The project's design includes living walls covered by plants, with even more plants making appearances throughout the office. As well as ergonomic furniture, another comfort feature is advanced heating and air conditioning to continuously clean air in the building brought from outside. And there's an increased use of touchless technology.

The building is also designed to bring in 30% more daylight than typical developer-led speculative office buildings with the use of circadian lighting, a smart tech concept that mimics the sun's natural light cycle using intensity and color tuning.

The design is centered on adaptability, with everything in the office — aside from the floor and the ceiling — being part of the furniture system, he said. That includes modular walls that can quickly transform offices into a larger conferencing center and movable furniture, Arena said.

"We could be very wrong with what we are building," Arena said during a panel discussion on the future of office space at the Urban Land Institute's fall meeting in downtown Dallas late last month. "If we are wrong, we'll remove or rearrange the furniture. It's all engineered in a way that's modular, on a grid system in the building, with the ability to move furniture around without having to change the ceilings or the floors."

Arena said the bank is using lab research to come up with the occupancy of a conference room or to calculate how many times a chair might be used each day.

Even though JPMorgan Chase has used augmented reality and virtual reality in various situations, Arena said there's no replacement for being in an office, in real life.

JPMorgan Chase's new headquarters is designed to bring in 30% more daylight than a typical office building. (JPMorgan Chase)

Employee Focus

"If it doesn't add to the commercial outcomes and if it doesn't make our employees healthier, happier or more productive or add to the client space or lead to better ideas for our clients — we probably aren't going to do it," Arena said.

Even before the pandemic changed some attitudes toward the office, Arena studied the use of office space and its role in business. He joined JPMorgan Chase in 2010 from a real estate services firm to lead its corporate real estate decisions and, as the head of global real estate for one of the world's largest office tenants, he's determined that every square foot ultimately help serve the bank's bottom line.

JPMorgan Chase's Head of Global Real Estate David Arena, right, speaks with John Means, a partner at McKinsey and co-founder of the consulting firm's real estate practice, left, about the future of office space at the bank. (Candace Carlisle/CoStar News)

"All costs matter," Arena said. "The marginal cost of a square foot doesn't drive the share price or bring more customers to the business, but what does drive it is the productivity of our people and the folks we are able to attract and how engaged our clients are in our centers. That is the measure."
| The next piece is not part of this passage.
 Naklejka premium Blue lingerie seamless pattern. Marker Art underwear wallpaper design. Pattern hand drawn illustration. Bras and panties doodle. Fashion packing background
In the case of JPMorgan Chase, those costs can add up quickly: The bank has offices and operations in more than 60 countries spanning more than 5,500 properties that total about 75 million square feet. Arena and his team are responsible for creating office space that withstands what the future might look like for the banking giant, rather than prior generations when some offices had a lot of space that went unused.

"The problem with offices and most office buildings is they don't come with an instruction manual, and no one is modeling how things work," Arena said. "In the old days, offices took up 60% of the space for 30% of the people who were there 50% of the time. All the interior spaces were administrative space. You wouldn't buy a tool that worked at that level."

Outside of the Park Avenue project, JPMorgan wants to keep its options open in terms of future office leases, Arena said, adding that he is a fan of the bank's landlords, such as Tishman Speyer and Hines, offering shorter, flexible lease terms.

This could help JPMorgan with office space options outside its headquarters as needed, he said. Arena, who "loves the coworking model," said the bank likes having options — even if it means paying a higher rental rate — as it waits to see what the future holds.